Film Stars Don’t Die in Liverpool
by Hope Madden
Jamie Bell is a versatile, talented actor too often relegated to minor roles.
Annette Bening has always been a powerful performer.
Director Paul McGuigan—Victor Frankenstein, Lucky Number Slevin, Wicker Park—is, unfortunately, just not that good.
So, there you have it. In their collaboration, Film Stars Don’t Die in Liverpool, Bening and Bell generate honest chemistry while imbuing their characters with relatable flaws and beauty. McGuigan surrounds them with flashy staging conceits and the single ugliest wallpaper the world has ever known.
It’s 1979 in Liverpool, and struggling young actor Peter Turner (Bell) makes the acquaintance of his quirky new neighbor, former silver screen siren Gloria Graham (Bening).

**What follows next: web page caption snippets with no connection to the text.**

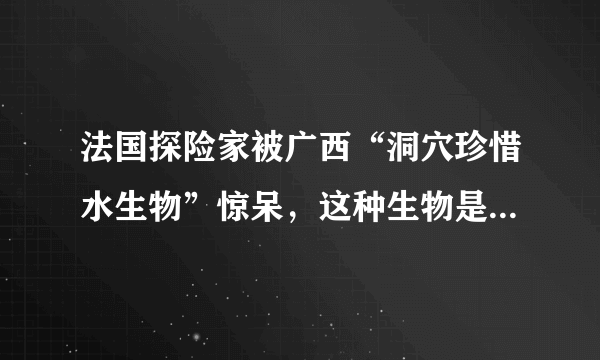 法国探险家被广西“洞穴珍惜水生物”惊呆，这种生物是什么来头？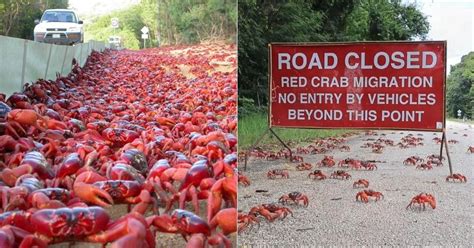 Millions of red crabs take over Christmas Island on yearly migration ...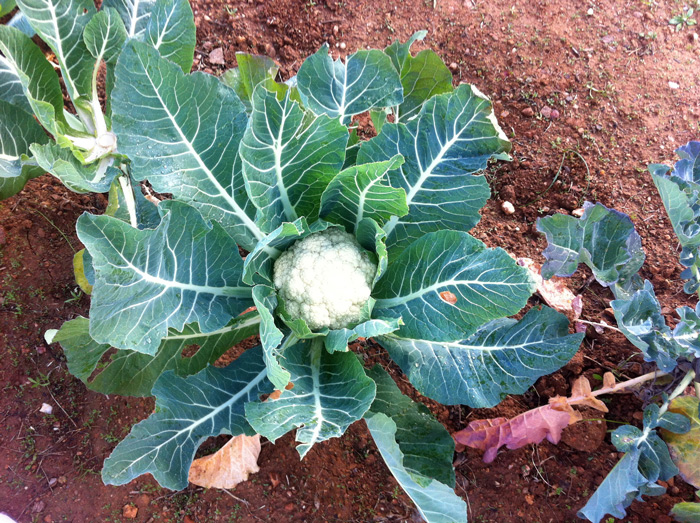 koynoupidi-kalliergeia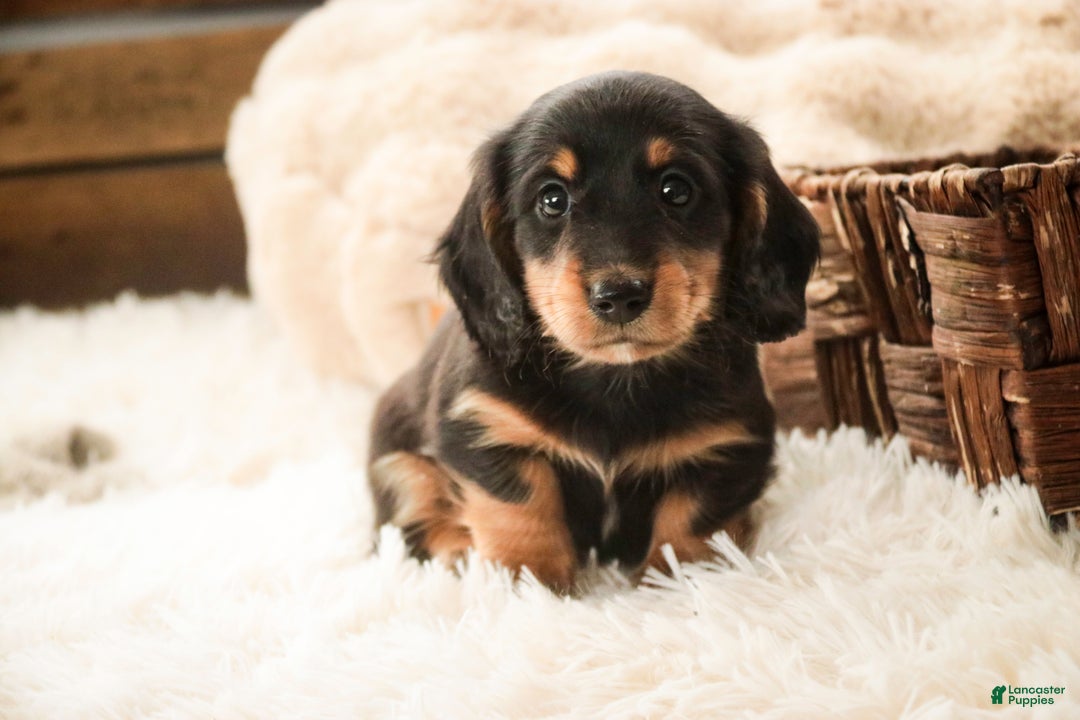 Miniature Dachshund dogs for sale: Cocoa - Ad 6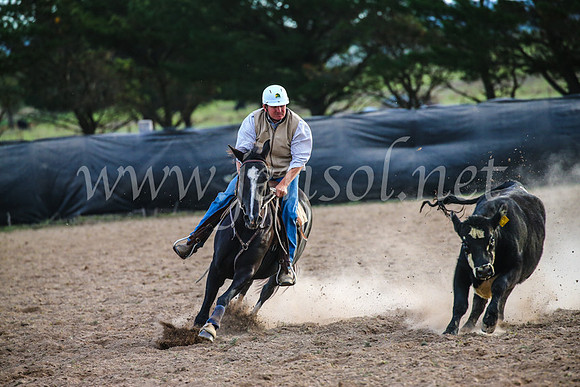 GoulburnCampdraft2017_7206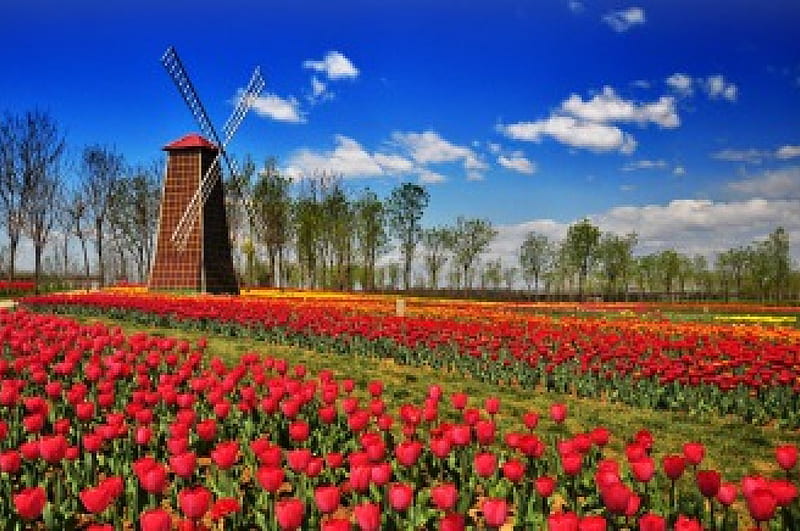 Wind mill, red, pretty, fragrant, mill, bonito, clouds, holland, nice, flowers, tulips, lovely, fresh, wind, scent, sky, freshness, summer, nature, meadow, field, HD wallpaper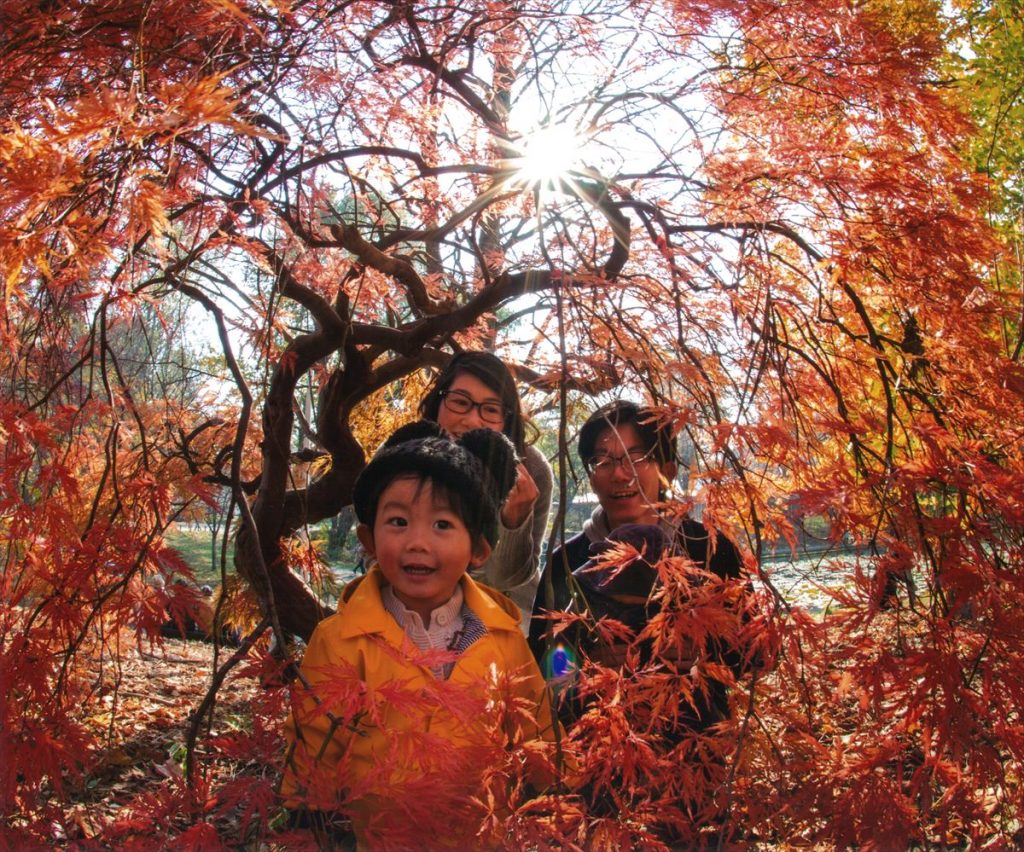 %e5%9b%9b%e5%84%aa70%e3%80%8c%e7%b4%85%e8%91%89%e3%81%ae%e9%a1%8d%e7%b8%81%e3%80%8d%e5%b9%b3%e5%b4%8e%e9%80%b2trimmed_r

A one-time Oscar winner fallen on hard times, pretty, flirty and nearly 30-years his senior, Gloria is a mystery to Turner and, in turn, to us. Here is where the two leads rise above their script to develop something touching and lovely, something that mines the earth between starstruck and true love. It’s wonderful to behold.
Bening adopts a baby voice as she oscillates between headstrong and insecure, but she seems to fully understand this figure who, in her time, was a daily scandal. Bening moves from seductress to damaged old woman and back again with fluidity and without excuses.
Here’s how McGuigan wrecks it.
1) We get it. It’s the Seventies. Does every surface—including co-star Stephen Graham’s head—have to be covered in garish, patterned shag? The costume and set design are beyond distracting. They will actually make you dizzy.
2) Bening cannot help but pique your interest in Gloria Graham’s life, and several courtship scenes expose something unique and quite worth an entire film. Unfortunately, the movie itself is a maudlin exercise in watching the decay of a once-vibrant woman, punctuated by flashes of that vibrancy.
3) He picks at themes of humanizing that which we objectify, even using fun visual nods to the seductive artifice of movies to slide between time spans, but he can’t truly abandon blandly by-the-numbers storytelling.
Which is a shame because, between the two stellar leads and a handful of amazing supporting turns (Vanessa Redgrave and Frances Barber leave marks) there was really something here.